Exactly how well is small business taking to the RegFair program? Overall, Barca said he is pleased.

As of early March, the RegFair program had received 735 calls to its toll-free telephone line and over 56,000 “hits” or visits to its Internet page on the World Wide Web.

Businesses wanting to voice their feelings about specific agencies or regulations can do so either through visiting one of the regulatory meetings of the Fairness Boards or through a specially created Federal Agency Appraisal Form. In the first year of the program, Barca said the agency has received requests for more than 110 forms and has subsequently determined that only about a third of them so far meet the requirements established by SBREFA.

Barca said increasing the number of appraisal forms is something he hopes to see over time as the program becomes more established and well-known.

“A lot of times the difference in dealing with government is simply knowing where to turn,” Barca said. “We want to be a service for people and if we can do that we can be effective.”

But Barca’s office is also working to try and help federal agencies realize the impact their work has on small business. In fact, working to address some agency reforms was one of the first priorities for the program’s first year.

That’s why all of the 10 recommendations made by his office last year dealt specifically with changes federal agencies could address to make themselves more small business friendly, he said.

One of the most important of those is simply placing an executive summary on the cover of every major notice sent to business that outlines whether or not it applies to their business, whether mandatory or voluntary and what is the regulation’s purpose.

To get the agencies on the same page with the new program, RegFair identified 34 agencies that had regulatory power over small business and sent letters asking them to inform their customers about the RegFair program.

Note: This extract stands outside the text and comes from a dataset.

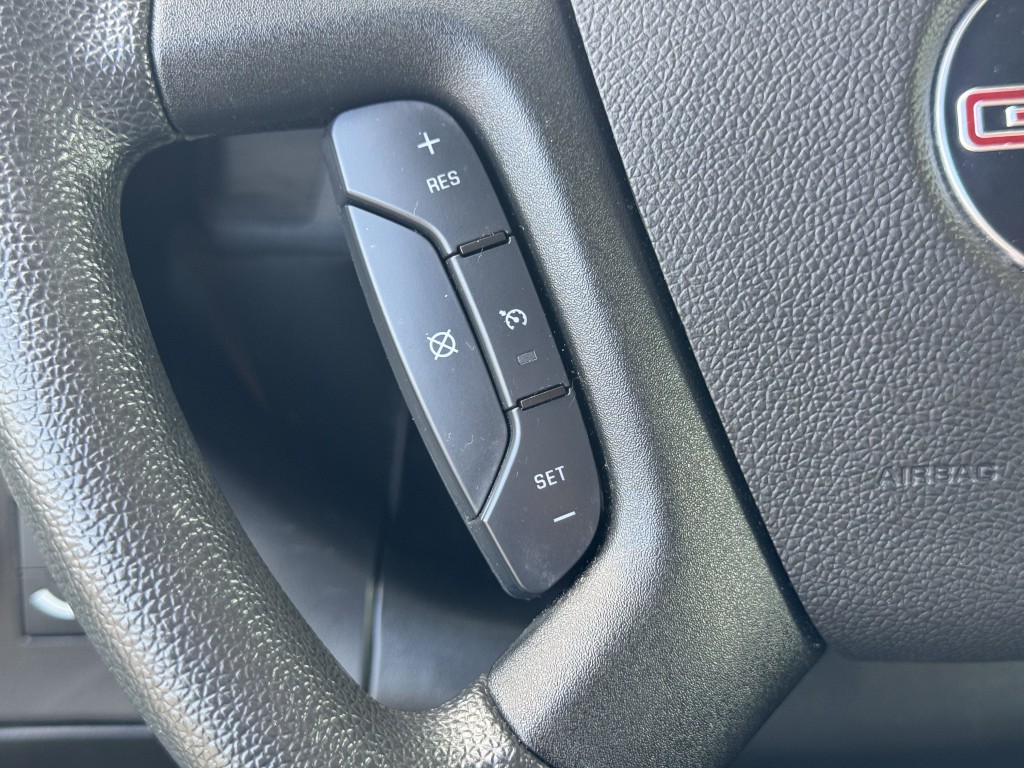 2023 GMC Savana Image 14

Response from the federal agencies has varied widely, Barca said. Barca said just over 23 have responded. The Department of Defense, is still arguing the point and it may be required of Congress to solve the argument, Barca said.

But at least one agency, OSHA, has become a poster child for the program, Barca said. The agency challenged its offices to become more small business friendly and at least one OSHA office in Colorado took the challenge to heart. The office worked with the National Association of Homebuilders and helped condense thousands of pages of regulations into an easy-to-read 67- page booklet called Homesafe.

“The point is it can be done,” Barca said. “Small business and the federal government can work together. It doesn’t have to be divisive.”